Originally posted by: cubby1223
I glanced through the thread, and it was fine up until one person made a comment that he felt ATi was clearly the better choice - then Rollo jumps in with his version of a marketing pitch for nVidia cards, selectively pointing out technical specs of nVidia cards.
Then it was keysplayr2003 who really baited more response with this:
That's great and all, but ask Extelleron why he now owns a GTX280?
Perhaps he wanted the best single GPU card he could buy?
Most of his comments do not line up with his purchase decision.
This was the most unnecessary comment in the whole thread
I have no personal opinions one way or another concerning nVidia / ATi, I frequently switch back and forth with them as time goes by. I also have no personal opinions one way or another concerning the video card forum, haven't posted a reply there in probably a year. I'm just stating what I see it.
Bryan had said "ATi is the card to own. Period" to which I replied:
Disagree.
While for gaming the 4870 is a great deal at $100 less MSRP than the GTX260, it lacks:
1. 384MB of RAM the GTX260 has.
2. PhysX that will be integrated into 16 games this year, double that next.
3. MultiGPU flexibility. When ATs review says they're adding support for popular games released last Fall after launch, you have to wonder about support for games that aren't reviewed.
If AMD is truly going to go the multi-GPU route for its high end parts, it needs to enable more consistent support for CF across the board - regardless of whether or not we feature those games in our reviews.
They have since started talking about how the era of the large, "monolithic" GPU is over. I think that's hogwash...... Big chips don't suffer from the quirks of multi-GPU implementations, which never seem to have profiles for newly released games just as you'd want to be playing them......
4. CUDA
The 4870s don't really even compete with GTX280s for the most part.
That said, the 48XX series are a big step forward for AMD and a good value. (just not a "ZOMG! these are teh only cards that exist!" type value you're asserting)
A. I acknowledged the ATi cards are a great value, because they are. (no revelation there- numbers don't lie)
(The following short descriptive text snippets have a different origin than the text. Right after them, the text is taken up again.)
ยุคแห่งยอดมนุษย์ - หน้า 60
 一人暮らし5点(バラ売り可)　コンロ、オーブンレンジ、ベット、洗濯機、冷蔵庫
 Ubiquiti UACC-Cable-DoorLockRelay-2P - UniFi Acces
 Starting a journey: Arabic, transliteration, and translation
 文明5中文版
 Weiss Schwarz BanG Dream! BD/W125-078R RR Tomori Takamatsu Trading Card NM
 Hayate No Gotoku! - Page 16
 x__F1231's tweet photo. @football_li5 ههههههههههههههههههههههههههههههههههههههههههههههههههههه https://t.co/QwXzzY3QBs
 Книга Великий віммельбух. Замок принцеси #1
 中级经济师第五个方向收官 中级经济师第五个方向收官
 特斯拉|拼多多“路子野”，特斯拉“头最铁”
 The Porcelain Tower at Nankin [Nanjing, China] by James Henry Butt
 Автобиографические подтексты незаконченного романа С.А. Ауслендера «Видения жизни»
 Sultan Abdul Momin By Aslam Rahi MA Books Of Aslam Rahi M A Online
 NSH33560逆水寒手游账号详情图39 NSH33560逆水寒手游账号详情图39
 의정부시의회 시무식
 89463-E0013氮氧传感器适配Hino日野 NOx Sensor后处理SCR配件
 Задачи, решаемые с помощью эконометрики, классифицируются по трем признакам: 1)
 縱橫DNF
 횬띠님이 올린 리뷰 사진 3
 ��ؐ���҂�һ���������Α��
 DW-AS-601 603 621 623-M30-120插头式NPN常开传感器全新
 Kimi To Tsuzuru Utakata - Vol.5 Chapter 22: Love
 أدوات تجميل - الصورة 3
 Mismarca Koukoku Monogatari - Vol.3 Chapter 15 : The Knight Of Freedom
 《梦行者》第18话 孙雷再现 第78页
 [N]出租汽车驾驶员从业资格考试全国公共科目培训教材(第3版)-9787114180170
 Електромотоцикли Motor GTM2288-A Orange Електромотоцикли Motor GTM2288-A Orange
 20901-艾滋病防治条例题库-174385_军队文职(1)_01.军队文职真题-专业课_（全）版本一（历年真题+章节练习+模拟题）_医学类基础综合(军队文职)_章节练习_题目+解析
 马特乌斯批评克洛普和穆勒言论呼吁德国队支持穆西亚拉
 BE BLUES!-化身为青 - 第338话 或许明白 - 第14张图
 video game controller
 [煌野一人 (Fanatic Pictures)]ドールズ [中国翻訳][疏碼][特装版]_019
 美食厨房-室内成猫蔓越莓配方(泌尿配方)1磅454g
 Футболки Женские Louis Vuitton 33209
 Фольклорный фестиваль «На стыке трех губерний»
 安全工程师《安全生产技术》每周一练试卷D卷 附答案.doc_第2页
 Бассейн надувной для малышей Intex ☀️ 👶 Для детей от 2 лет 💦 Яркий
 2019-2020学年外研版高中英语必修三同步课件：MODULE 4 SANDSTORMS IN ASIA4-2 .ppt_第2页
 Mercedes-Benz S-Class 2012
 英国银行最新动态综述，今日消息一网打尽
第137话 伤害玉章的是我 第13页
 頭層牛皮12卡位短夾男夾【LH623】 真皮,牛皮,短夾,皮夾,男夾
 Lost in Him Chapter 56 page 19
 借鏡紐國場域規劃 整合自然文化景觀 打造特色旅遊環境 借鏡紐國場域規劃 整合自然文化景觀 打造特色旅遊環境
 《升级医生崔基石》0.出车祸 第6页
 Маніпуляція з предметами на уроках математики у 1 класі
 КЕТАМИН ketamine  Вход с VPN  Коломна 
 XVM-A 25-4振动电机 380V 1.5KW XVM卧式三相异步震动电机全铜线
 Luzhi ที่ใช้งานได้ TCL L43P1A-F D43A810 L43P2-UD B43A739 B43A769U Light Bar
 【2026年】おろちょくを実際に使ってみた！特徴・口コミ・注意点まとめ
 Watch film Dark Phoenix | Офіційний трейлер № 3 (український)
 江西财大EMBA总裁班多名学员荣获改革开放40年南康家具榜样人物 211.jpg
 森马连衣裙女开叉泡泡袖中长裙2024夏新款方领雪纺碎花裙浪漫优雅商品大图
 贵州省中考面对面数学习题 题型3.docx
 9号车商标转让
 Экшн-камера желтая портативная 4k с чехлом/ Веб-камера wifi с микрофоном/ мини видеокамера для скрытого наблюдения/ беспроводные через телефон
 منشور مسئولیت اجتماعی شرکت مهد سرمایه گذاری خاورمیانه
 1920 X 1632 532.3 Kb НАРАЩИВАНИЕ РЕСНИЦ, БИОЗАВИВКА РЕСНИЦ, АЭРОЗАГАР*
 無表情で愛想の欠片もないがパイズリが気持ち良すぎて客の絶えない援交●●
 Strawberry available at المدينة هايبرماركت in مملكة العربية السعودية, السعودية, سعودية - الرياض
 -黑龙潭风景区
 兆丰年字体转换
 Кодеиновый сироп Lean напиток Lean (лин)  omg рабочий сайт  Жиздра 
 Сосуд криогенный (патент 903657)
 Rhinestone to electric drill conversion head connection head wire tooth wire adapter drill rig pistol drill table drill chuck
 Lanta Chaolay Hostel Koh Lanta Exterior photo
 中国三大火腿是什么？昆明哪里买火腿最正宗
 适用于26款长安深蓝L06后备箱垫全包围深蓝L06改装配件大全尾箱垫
B. I gave some reasons some people might prefer an NVIDIA competing card, which were factual and presented in a dispassionate way.
C. I pointed out ATi doesn't have a counterpart to the GTX280, because at this point they don't.
There is no sinister marketing here, no flame baiting, no violation of TOS.
Apparently some think products should never be compared, or that the only permissible posts in a thread about an ATi card are ones that are pro ATi.
If this is the case, I suggest those people will need to look into the 9800GTX+ or GT200 review threads, as I'm pretty certain I saw some people posting how these cards compare to ATi cards, and some posts that were not "pro NVIDIA".
People need to realize the only meaningful discussion of products that can be had is to compare them to their competition, because without that frame of reference, any opinion or data posted is totally meaningless.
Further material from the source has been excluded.